De Gaulle’s BBC broadcast of 6 June 1944, inviting the French to ‘fight the enemy with all the means at their disposal’ in the wake of the D-day landings, was echoed by a call to ‘national insurrection’ from the PCF’s Central Committee. In a few days the overall number of partisan units, grouped under the umbrella of the Forces Françaises de l’Intérieur (FFI), multiplied several times over, reaching nearly half a million men, very many of them Communists. Militarily, the results of the insurrection varied from the tragic (premature risings, provoking ferocious reprisals, in Tulle and other provincial towns) to the dashing and successful (in Lille, Marseilles, Limoges, Thiers and above all Paris). It remained to be seen which authority the FFI would recognise. Officially, the answer was clear: since April 1944, two Communists had sat on the CFLN and then the GPRF, as part of a unified Resistance movement headed by de Gaulle (who gave a ministry to Charles Tillon, commander of the main Communist Francs-Tireurs et Partisans, on 9 September). Officially again, from 9 June the FFI were under the command of the French army, and de Gaulle ordered the dissolution of their senior command structure on 28 August. On the ground, things were less simple.

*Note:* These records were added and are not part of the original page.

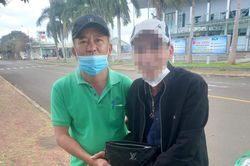 Lái xe Mai Linh trả lại 1 tỷ đồng cho hành khách bỏ quên tại sân bay
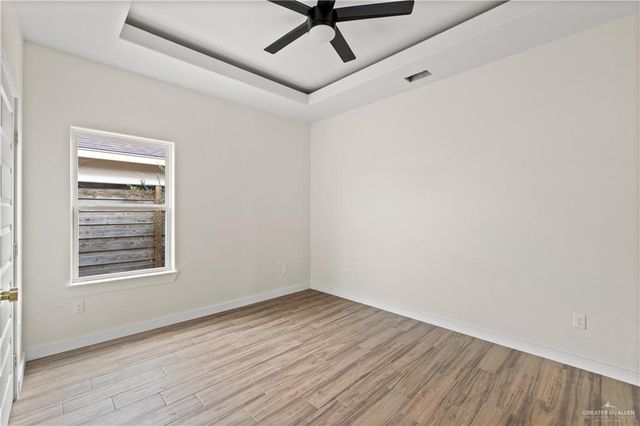 409 W La Pointe Avenue, Mission, TX 78573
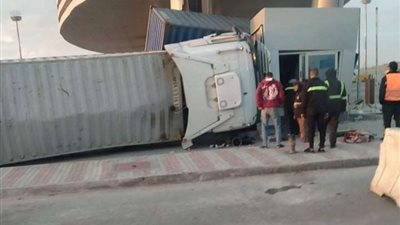 إصابة سائق تريلا بعد الاصطدام  بغرفة تحصيل كارتة أكتوبر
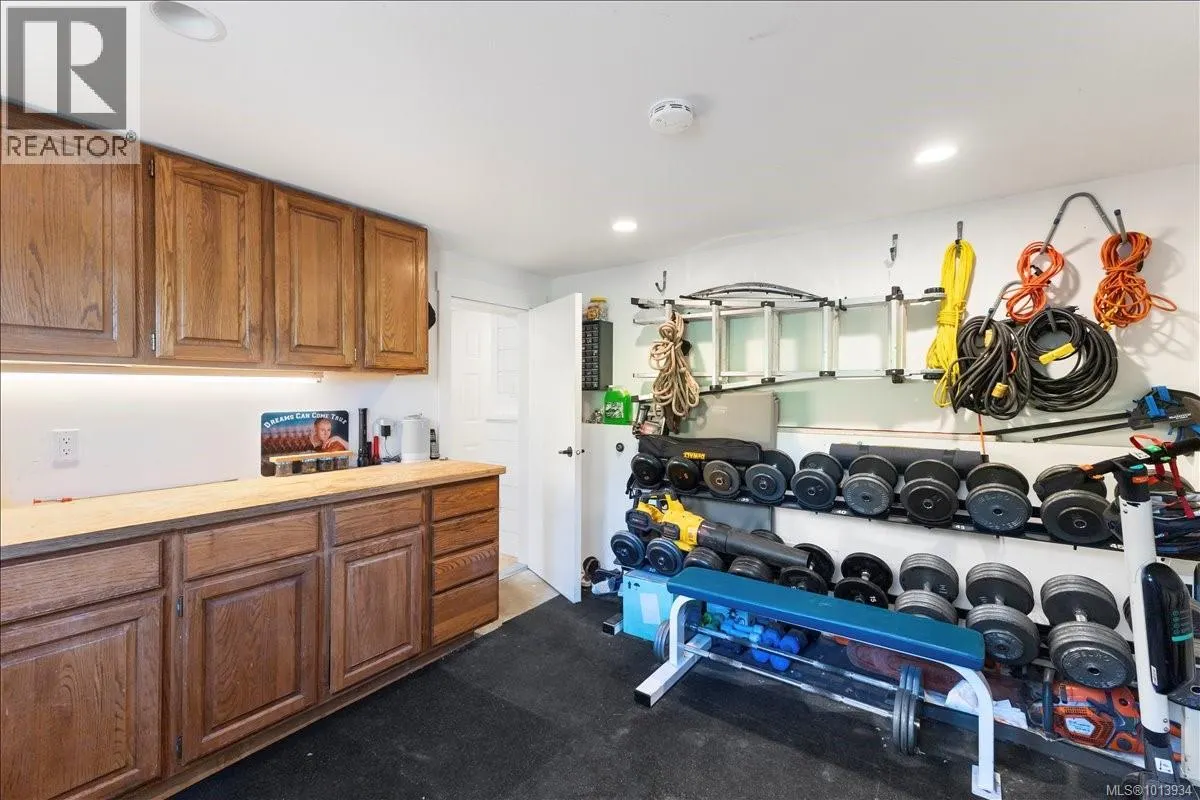 3733 Polaris Dr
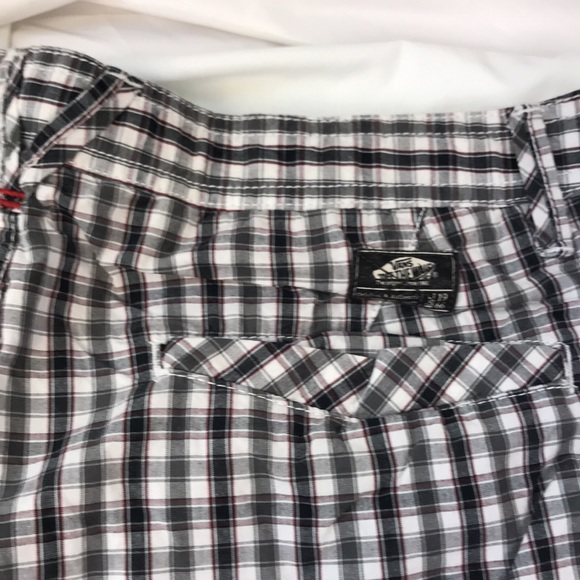 Vans Off The Wall Plaid Shorts Size 32 - Picture 3 of 9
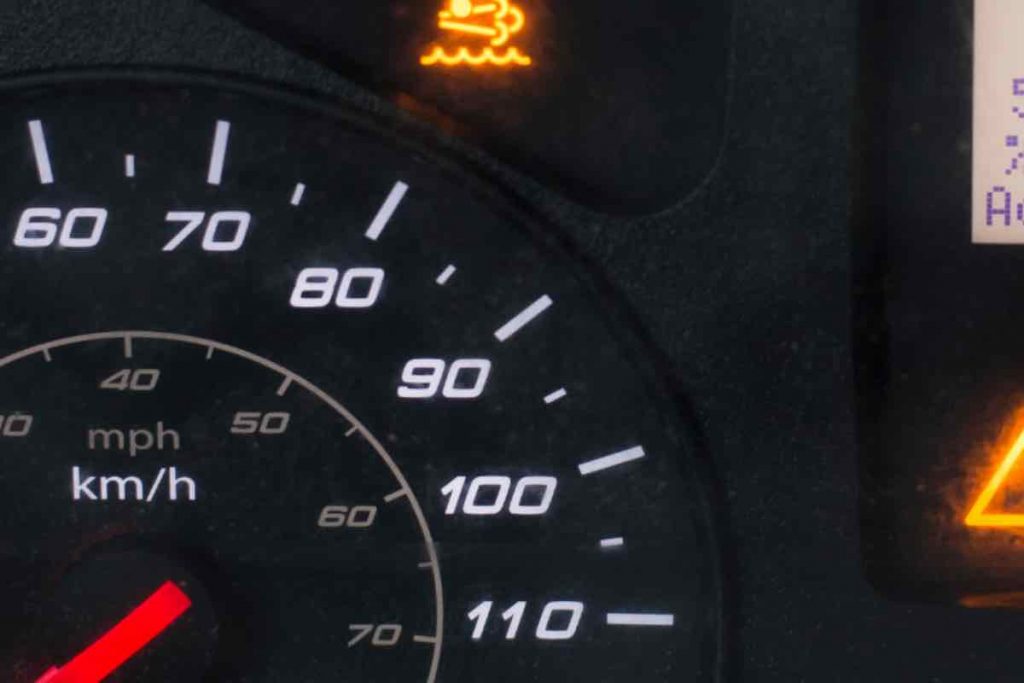 Questa spia in auto manda tutti nel panico: ecco cosa indica e come fare per spegnerla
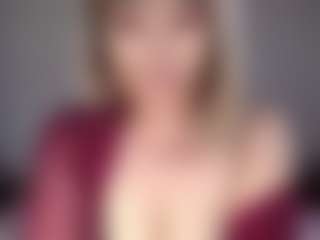 Lara's Live Sex Cam Show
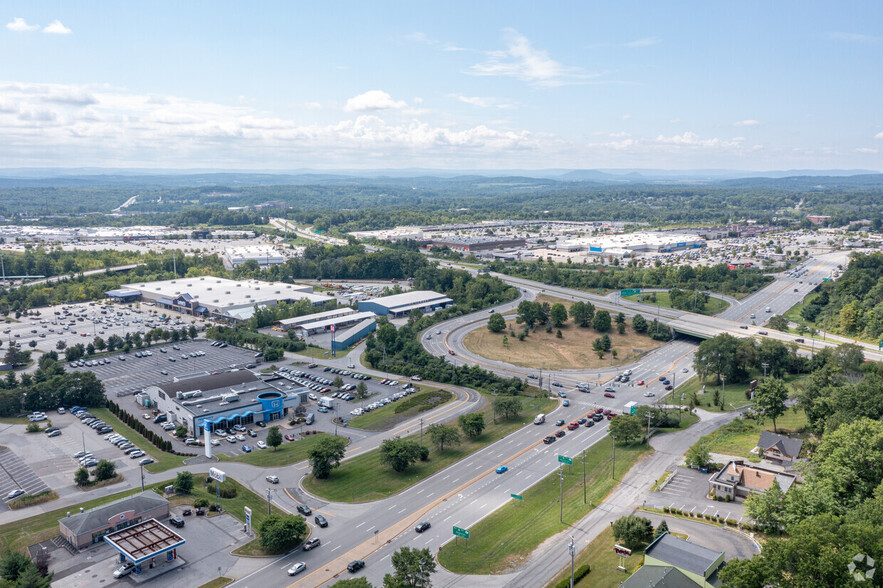 681 Route 211 E, Middletown, NY for sale - Aerial - Image 2 of 30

The FFI sought to maintain their autonomy from the regular army, while the comités de libération, often drawn from their ranks, disputed control over localities with the prefects and special commissioners appointed by the GPRF: hence de Gaulle’s extensive provincial tours in autumn 1944, aimed at reinforcing the GPRF’s authority across France.[347]

These two competing authorities could not coexist for long. On 28 October de Gaulle ordered, by a decree of the GPRF, the disarmament and dissolution of all armed groups other than the army and the police. The two Communist ministers accepted the decree; criticism of it within the PCF was initially muted; but the Conseil National de la Résistance (CNR), dominated by Communists, attacked it. So did many of the militias directly concerned, with growing support from the PCF press. The Communist leadership, indeed, talked as if it was preparing a revolution: on 15 November Jacques Duclos, the party’s acting leader in the absence of its secretary-general Maurice Thorez, called for the summoning of ‘estates general’ (a reference to 1789), locally and then nationally, for the exercise of local power by ‘elected and not appointed bodles’, and for a regime in which the people’s representatives could ‘be dis– missed at any moment’.[348]De Gaulle’s decree remained ‘a dead letter’ a month after its promulgation.[349]But the logical corollary of this – a full insurrection against the GPRF – never took place. De Gaulle, supported by the majority of the population, and on the Left by the Socialists of the SFIO (Section Française de l’Internationale Ouvrière), was obviously disinclined to play the role of Kerensky. Tens of thousands of Allied troops remained in France. And no instructions for a rising had come from Moscow, either from the Kremlin or from Thorez.